Они взялись за жердь лицом друг к другу.

— Значит так, — заговорила она наконец, возвратив себе самообладание. — Я, — показала на себя пальцем, как разговаривают с туземцами Людоедских островов, — иду впереди. — Те же пальцы изобразили шагающего через ушат помоев человечка. — Иду вперед. Ты, — пальцем в грудь Нелюдиму, он неопределенно кивнул, — становишься сзади, — и показала, где это сзади, чтобы исключить недоразумения. — Я иду. Ты за мной. Понял?

— Понял, — кивнул юноша, но с некоторым как бы сомнением.

— Сливаем помои. Возвращаемся на кухню. Договорились?

— Договорились? — бессмысленно переспросил юноша. Но она не стала обращать внимания на мелкие глупости, достаточно было и больших.

— Я поведу в обход. Иначе уже не пройти — куда! — Она кивнула, показывая на забитую народом улицу, там стояла повозка с хлебами и пивом.

Они взяли жердь и, бдительно друг за другом приглядывая, со всеми возможными предосторожностями бережно уложили ее на правое плечо.

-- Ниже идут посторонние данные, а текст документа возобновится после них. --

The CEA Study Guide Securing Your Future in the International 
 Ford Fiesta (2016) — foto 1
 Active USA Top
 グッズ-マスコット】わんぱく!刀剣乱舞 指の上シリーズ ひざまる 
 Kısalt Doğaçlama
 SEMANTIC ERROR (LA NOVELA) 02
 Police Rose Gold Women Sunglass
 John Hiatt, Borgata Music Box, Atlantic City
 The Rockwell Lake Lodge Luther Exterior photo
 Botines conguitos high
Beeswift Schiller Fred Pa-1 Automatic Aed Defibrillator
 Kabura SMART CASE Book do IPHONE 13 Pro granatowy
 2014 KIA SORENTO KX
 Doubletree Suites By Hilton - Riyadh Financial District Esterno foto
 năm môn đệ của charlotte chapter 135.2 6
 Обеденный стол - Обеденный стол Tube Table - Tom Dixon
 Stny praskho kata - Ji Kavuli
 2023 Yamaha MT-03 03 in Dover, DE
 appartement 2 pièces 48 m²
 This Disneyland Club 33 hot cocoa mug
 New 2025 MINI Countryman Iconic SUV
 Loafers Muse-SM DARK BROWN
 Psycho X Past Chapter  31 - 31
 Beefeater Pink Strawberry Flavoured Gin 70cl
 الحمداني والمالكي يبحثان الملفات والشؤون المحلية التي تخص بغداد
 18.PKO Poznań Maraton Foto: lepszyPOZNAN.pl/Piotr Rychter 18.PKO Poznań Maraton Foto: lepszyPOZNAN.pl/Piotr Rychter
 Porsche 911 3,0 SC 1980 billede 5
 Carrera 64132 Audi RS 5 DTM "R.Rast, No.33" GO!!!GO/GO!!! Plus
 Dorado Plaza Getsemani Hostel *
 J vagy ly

Скоро пришлось остановиться, чтобы пропустить отряд конных витязей с корзинами на головах и с метлами вместо копий. Плоские корзины-щиты, подвешенные на пропущенной кругом шеи веревке, прикрывали грудь и левую руку бойцов, а на плетеных шлемах с прорезями для глаз красовались знаки родового достоинства: рваный башмак, срамные принадлежности одежды, тыква и даже подвязанная за ноги живая курица — она озадаченно, не понимая еще вполне весь ужас своего положения, квохтала и дергалась.

Пропустив лубяных витязей и пешую их свиту, Золотинка свернула в щель между домами. На повороте она оглянулась — Нелюдим ее нес ушат с тем покорным, безропотным видом, с каким исполняют обыденную, утратившую первоначальный вкус работу. Ничто особенно не занимало его: ни вызывающий смех красивых девушек в личинах, которые оставляли открытыми свежие губы и подбородки, ни замечательно толстые зады откормленных на дешевом хлебе мужиков и баб, ни мишурный блеск поддельного золота, ни нарочитая рвань — ничто не оживляло взора. Нелюдим покорился Золотинкиному руководству, покорился необходимости — не осталось даже прежней запальчивой злости, с какой схватился он поначалу за ушат, и Золотинка ощутила легкий укол жалости. Жалости, смешанной, пожалуй, и с раздражением: было все же в этом что-то неестественное, словно бы парень придуривался, нарочно не хотел веселиться, противопоставляя здоровой колобжегской непринужденности их столичное благонамеренное уныние. Золотинка ревновала отечественный праздник, не замечая, что и сама-то, придавленная полновесным ушатом помоев, глядит не особенно радостно.